* **Recorded information**:
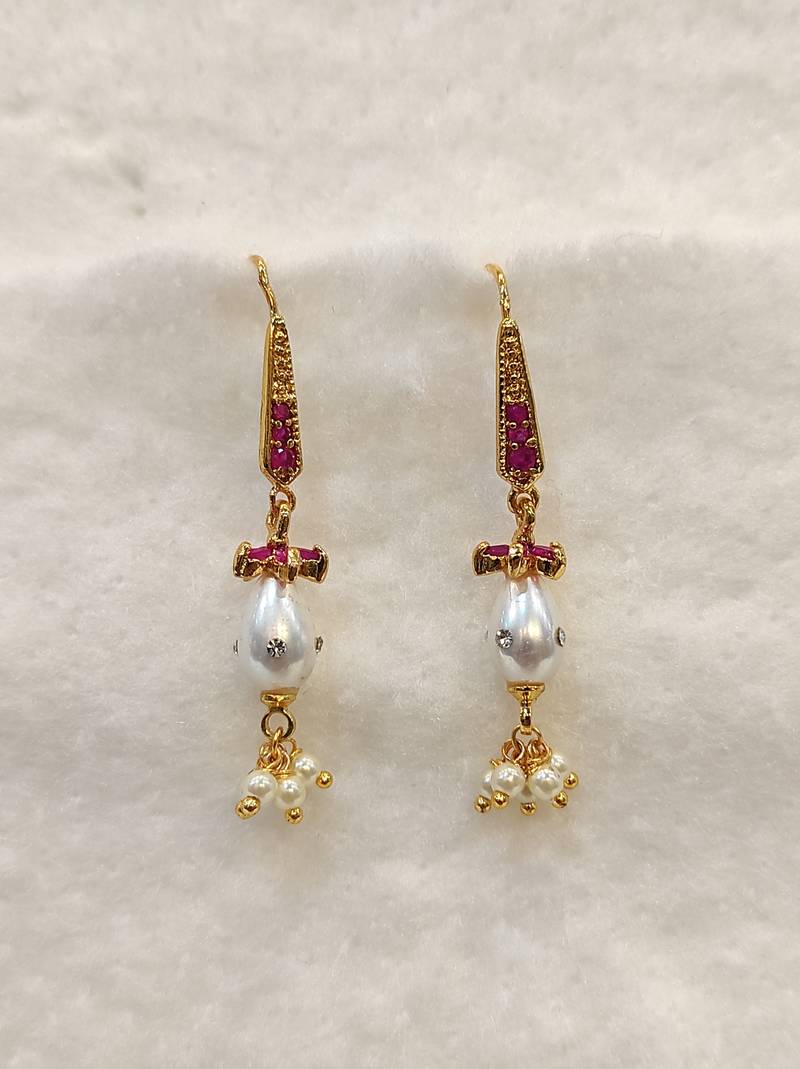 White pearl earrings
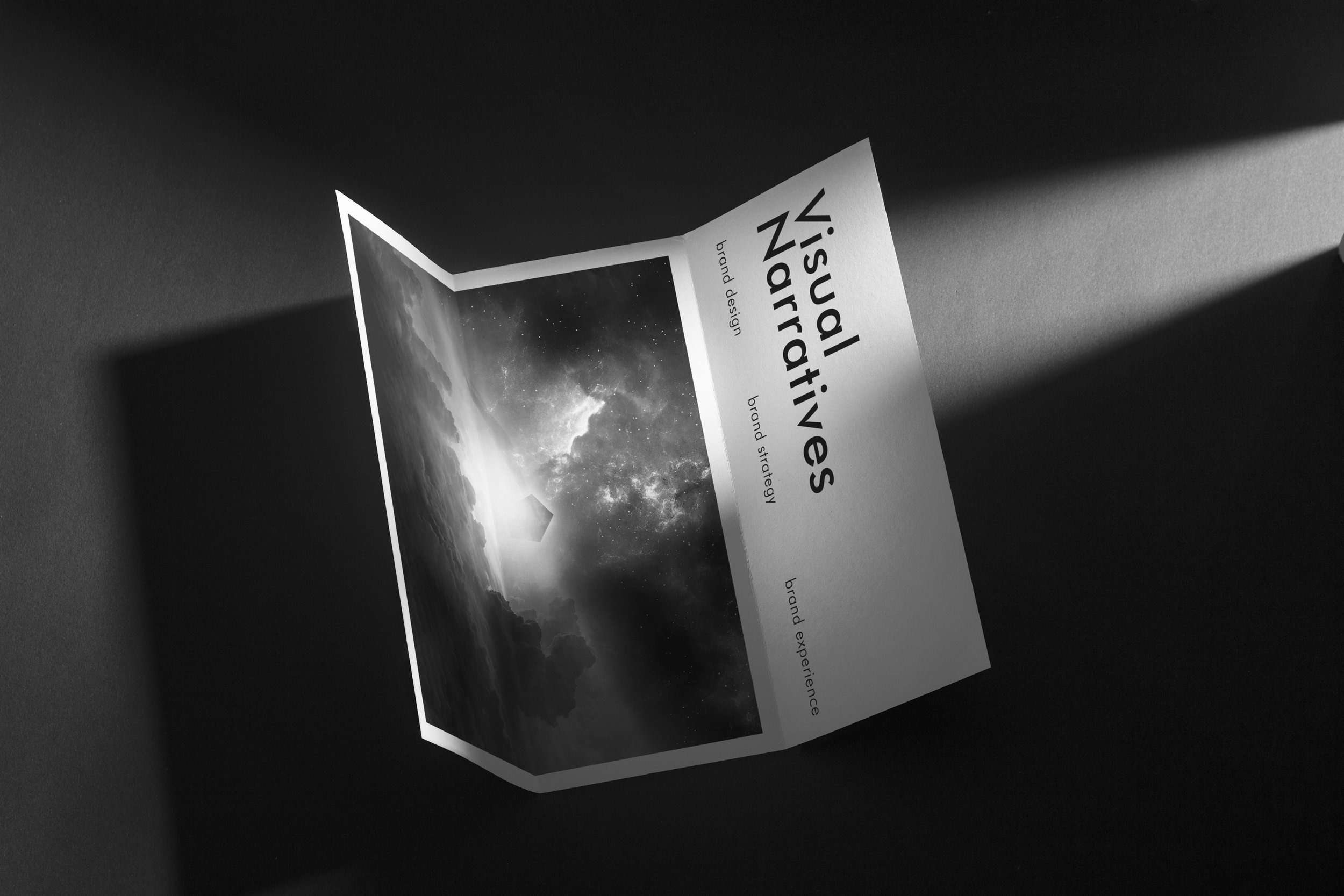 Black and white paper folded, titled "Visual Narratives" with design elements and cosmic imagery, highlighted by a light beam.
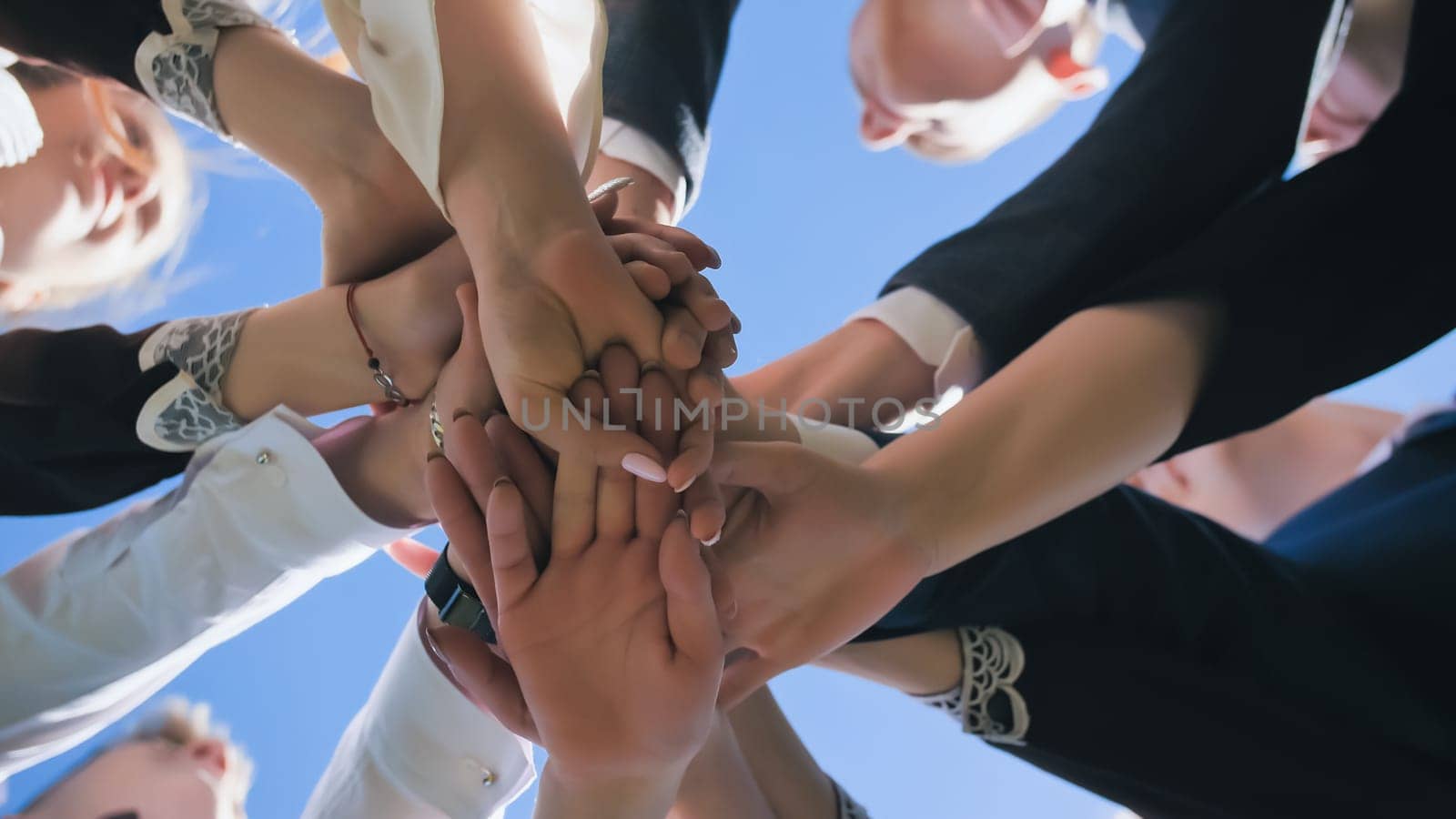 Happy friends graduates join hands together. The concept of a friendly team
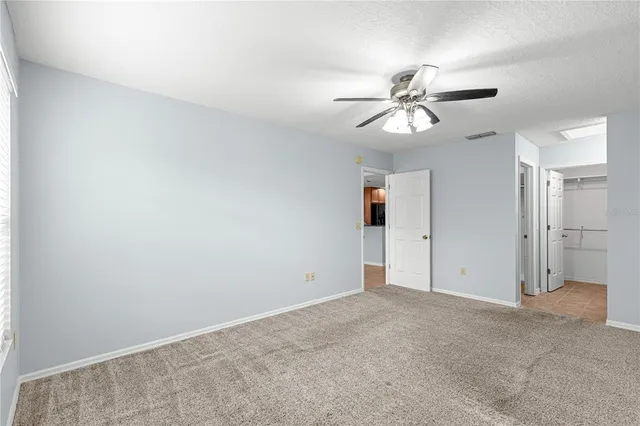 an empty room with closet and a ceiling fan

* **Exercise**:
The whole listing is to be written out exactly; the pictures stay out of the copy.

* **Output of the task**:
 White pearl earrings
 Black and white paper folded, titled "Visual Narratives" with design elements and cosmic imagery, highlighted by a light beam.
 Happy friends graduates join hands together. The concept of a friendly team
 an empty room with closet and a ceiling fan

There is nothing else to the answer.